Algorithms file format specification
Algorithms spec is the file format used by videostitch-cmd. It uses full JSON syntax. Algorithms are simply defined by populating the root object with a few named variables.
Objects
VideoStitch will interpret the following objects. An object is of course free to have other members in addition to these.
Root
videostitch-cmd will interpret the following optional members of the root object:
Member | Type | Default value | |
---|---|---|---|
outputPtv | list | Optional | If provided, this value specifies the output ptv file that will contain the results of the "algorithms" and the settings from the input ptv. |
Member | Type | Default value | |
---|---|---|---|
name | string | No Default | Names of the output ptv. |
outputFile | list | Optional | An optional list to specify the format of the final output in the new ptv file. |
outputFile
The "outputFile" contains two optional members.

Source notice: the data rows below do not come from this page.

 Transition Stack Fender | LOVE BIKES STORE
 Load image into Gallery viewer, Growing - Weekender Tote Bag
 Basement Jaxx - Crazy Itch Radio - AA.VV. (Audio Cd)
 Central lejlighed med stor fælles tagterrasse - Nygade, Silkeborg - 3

Member | Type | Default value | |
---|---|---|---|
name | string | Optional | An optional string to specify the name of the output file. |
type | string | Optional | An optional string to specify the output extension. |
An example setting
"outputPtv": [
{
"name" : "outputFinal.ptv",
"outputFile": {
"name" : "out-vs",
"type" : "jpg"
}
}
]
Algorithms
Algorithms specify which algorithms to be called from command-line In the tables below, mandatory members are shown in bold. If not set, optional members take a default value specified in the "Default value" column.
Member | Type | Default value | |
---|---|---|---|
name | string | mask | Type of algorithm. One of the types below. |
"mask" algorithm:
The "mask" algorithm optimizes for the blending mask and blending order.

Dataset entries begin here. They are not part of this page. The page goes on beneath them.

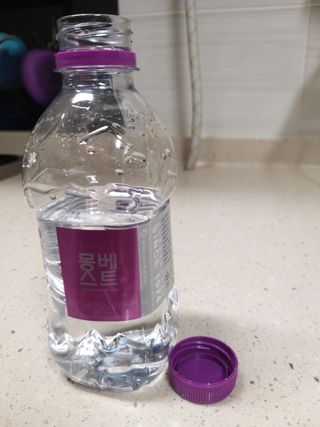 몽베스트 [MONTBEST] 330mL 20병 — 5점을 준 리뷰어가 2021년 10월 올린 사용 사진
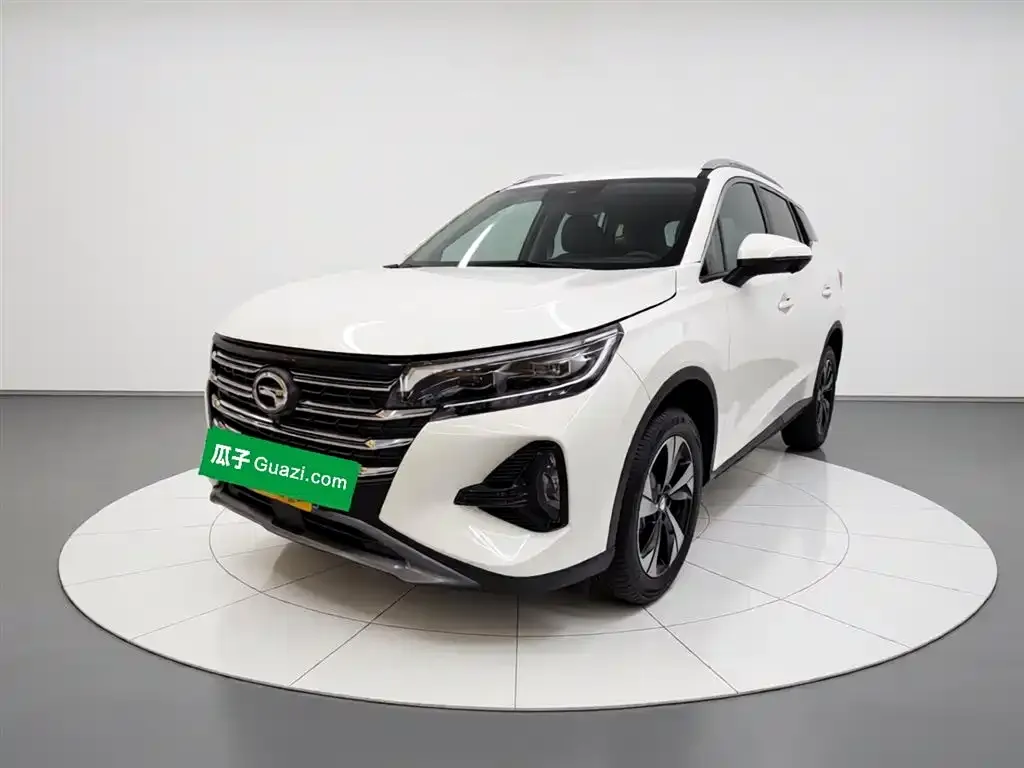 GAC Motor Trumpchi GS4 — фото 1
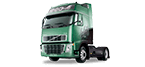 VOLVO FH 16 ricambi camion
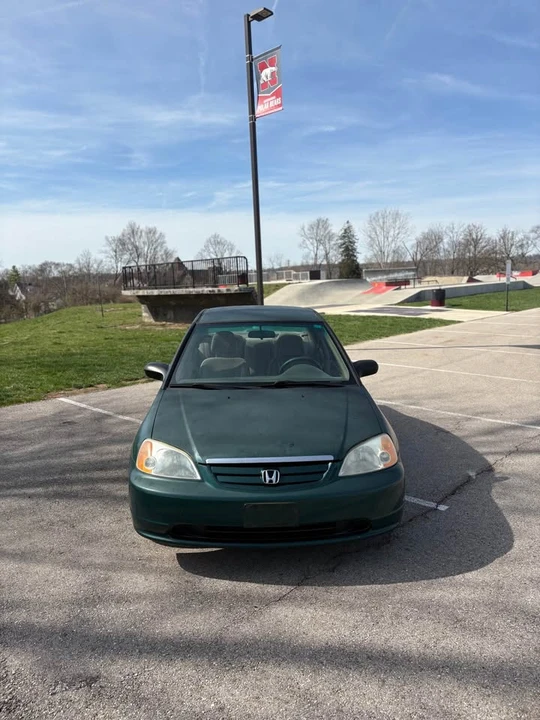 2001 Honda Civic 7th Gen - Image 7 of 12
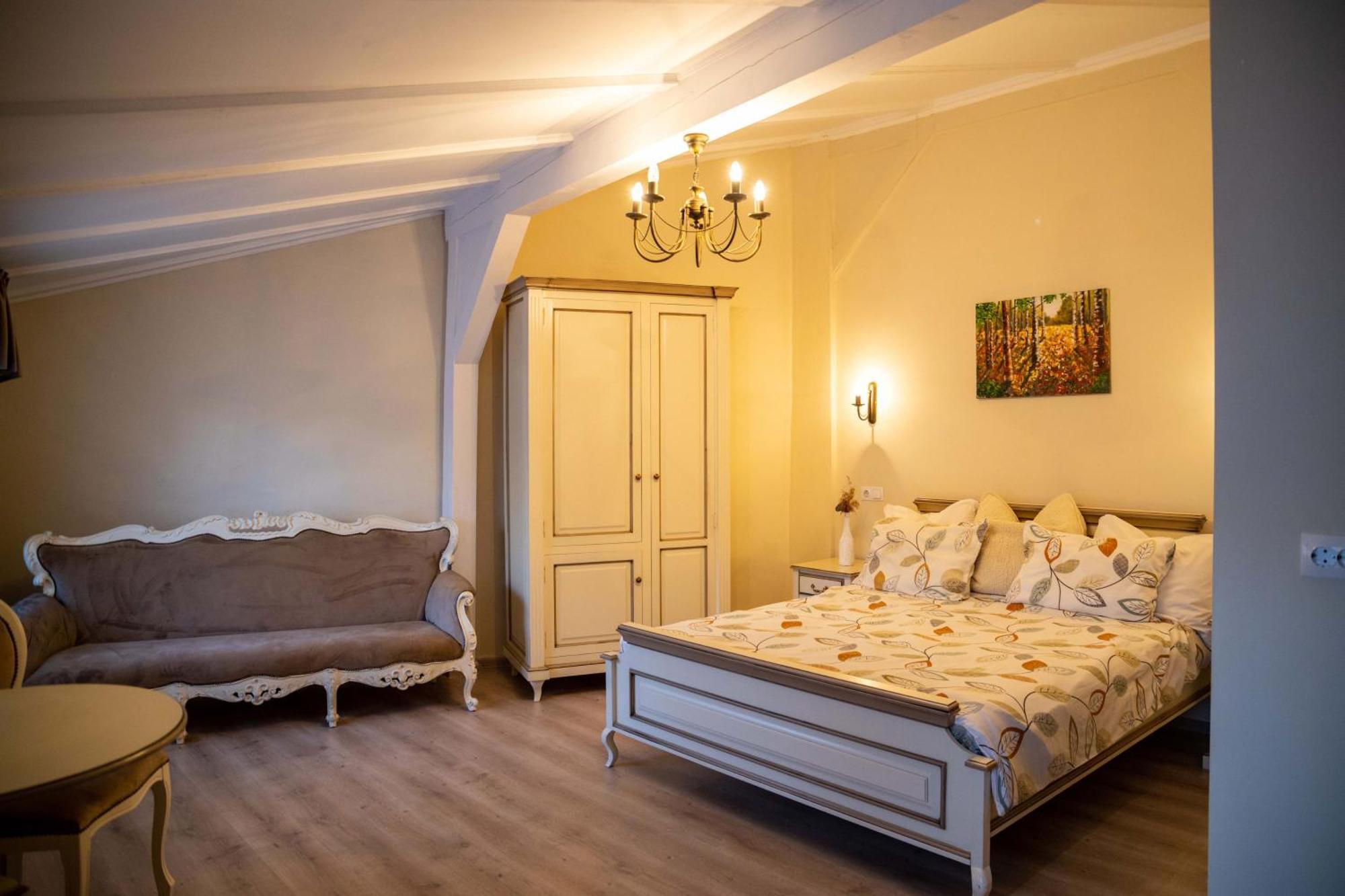 Oldtownvilla Studio Central Sibiu Exterior foto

Member | Type | Default value | |
---|---|---|---|
list_frames | list | [0] | The list of frames used for the optimization. |
blending_order | bool | true | To specify whether the blending order is consider or not. If not, the order of inputs will be used as the blending order. |
seam | bool | true | To specify whether the optimal seams are computed. |
An example setting for the "mask" algorithm is:
{
"algorithms" : [
{
"name": "mask",
"config" : {
"list_frames" : [0],
"blending_order" : true,
"seam" : true
}
}
]
}
"autocrop" algorithm:
The "autocrop" algorithm detects the crop circle for the fish-eye images. The first frame of the inputs is used for detection.

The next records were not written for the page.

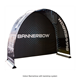 Bannerbow Arch Backdrop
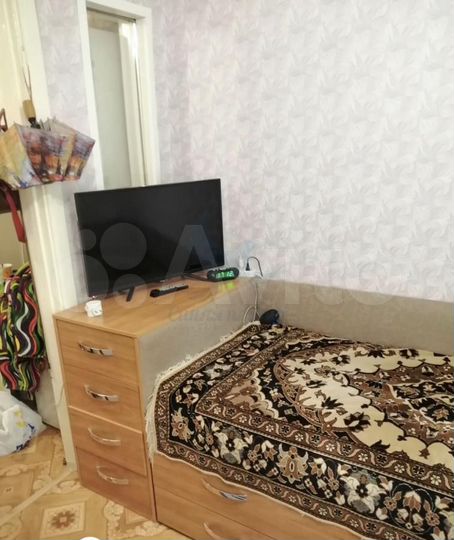 1-к. квартира, 13,3 м², 4/5 эт.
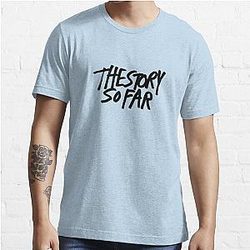 The Story So Far Small Logo Classic T-Shirt Essential T-Shirt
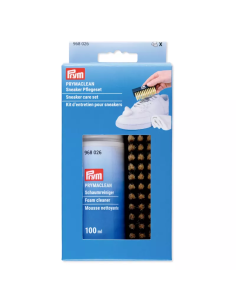 Set de cuidado de zapatillas Prymaclean 968026, unidad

Member | Type | Default value | |
---|---|---|---|
neighborThreshold | int | 40 | A threshold used for the image binarization step. Indicates the similarity of neighboring pixels to be considered as a connected component. |
differenceThreshold | int | 500 | A threshold used for the binarization step. Indicates the similarity of a pixel to the seed pixel to be considered as a connected component. |
fineTuneMarginSize | int | 100 | A pre-defined range around the coarse circle's samples to look for the fine scale samples, e.g. 0 indicates that the fine scale samples are the coarse samples, while 100 indicates that the fine scale samples will be searched in the range [-100..100] px around the coarse samples. |
scaleRadius | double | 0.98 | A parameter used to scale the fine scale circle's radius. |
circleImage | bool | false | Whether to dump an image with the crop circle overlays on top of the original image. |
An example setting for the "autocrop" algorithm is:
{
"algorithms" : [
{
"name": "autocrop",
"config" : {
"neighborThreshold" : 40,
"differenceThreshold" : 500,
"fineTuneMarginSize" : 100,
"circleImage" : false,
"scaleRadius" : 0.98
}
}
]
}
"calibration" algorithm:
The "calibration" algorithm runs a calibration with presets for the rig.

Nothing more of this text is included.